Felix Ramos had always dreamt of working in space, but a journalism degree does not an astronaut make. Given an unlikely opportunity to fulfill his childhood fantasies, he leaps at it, unknowingly launching himself into a place balanced precariously between tedium and terror.
As a human kill switch in an artificial intelligence-managed resource exploration station on one of Saturn’s moons, he finds that ticking boxes and pushing buttons is awful, even when it’s done where no man has gone before. His counterpart and confidant, Cara Moretti, occupies another facility, where she discovered this unpleasantness months ago. Their days are rigidly structured by their employer, the Koyamatsu Interplanetary Development Concern.

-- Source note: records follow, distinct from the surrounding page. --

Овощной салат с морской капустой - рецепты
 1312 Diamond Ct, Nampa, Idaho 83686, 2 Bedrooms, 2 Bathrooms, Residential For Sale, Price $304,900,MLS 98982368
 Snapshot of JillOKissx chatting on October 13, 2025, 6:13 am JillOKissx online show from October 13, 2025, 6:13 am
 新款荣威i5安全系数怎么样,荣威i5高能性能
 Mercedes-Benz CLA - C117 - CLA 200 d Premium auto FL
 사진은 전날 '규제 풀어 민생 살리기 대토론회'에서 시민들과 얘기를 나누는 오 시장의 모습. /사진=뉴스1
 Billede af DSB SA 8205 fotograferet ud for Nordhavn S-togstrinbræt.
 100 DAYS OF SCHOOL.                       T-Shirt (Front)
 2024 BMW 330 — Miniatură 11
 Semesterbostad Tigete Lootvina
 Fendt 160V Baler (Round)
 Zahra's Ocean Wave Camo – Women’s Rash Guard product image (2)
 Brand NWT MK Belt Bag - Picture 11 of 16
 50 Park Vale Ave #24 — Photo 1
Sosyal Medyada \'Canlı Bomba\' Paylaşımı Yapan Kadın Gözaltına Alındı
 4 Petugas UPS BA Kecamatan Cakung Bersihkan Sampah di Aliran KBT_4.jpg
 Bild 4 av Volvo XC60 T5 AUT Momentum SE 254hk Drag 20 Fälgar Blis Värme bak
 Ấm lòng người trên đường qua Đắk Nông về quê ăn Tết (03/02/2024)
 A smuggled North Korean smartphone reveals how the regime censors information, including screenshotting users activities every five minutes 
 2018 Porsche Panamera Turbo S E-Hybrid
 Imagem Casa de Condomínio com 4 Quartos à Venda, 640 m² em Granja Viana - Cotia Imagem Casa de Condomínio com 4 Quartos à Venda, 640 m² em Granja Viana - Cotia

And then the Russians invade—or at least Felix swears so, pushed into paranoia as unidentifiable lights and figures flicker on the horizon. These are the opening shots in the campaign of a group of militant conservationists who wish to stop private development in space; Felix soon finds himself the target of cajoling, gaslighting, and bribery for access to his station’s AI core. Deluded into imagining himself as a highly-paid double agent, he begins to make noticeable mistakes.
Cara, meanwhile, discovers that her company hasn’t budgeted for bringing both of its employees home. She’s been cleared to go, but her new friend has not. If she keeps her mouth shut, she knows she’ll see Earth again, but her conscience screams for her to risk abandonment to save his life. Her predicament could become moot, though: Felix has triggered a surprise visit from Koyamatsu, which threatens to aggressively smooth any embarrassing wrinkles in the operation.
Book titles are in caps.
Thank you for your time and consideration.
This is a stunning turnaround. You've gone from "this is a mess" to "I'd read pages" in ONE revision.
When two deep space researchers are set up to fail by a ruthless employer on an inhospitable moon, they must decide whether to resign their lives to inertia or fight for uncertain freedom.
This is a log line. Avoid them.
Think about it: it's a false choice. If they resign their lives to inertia, there's no story.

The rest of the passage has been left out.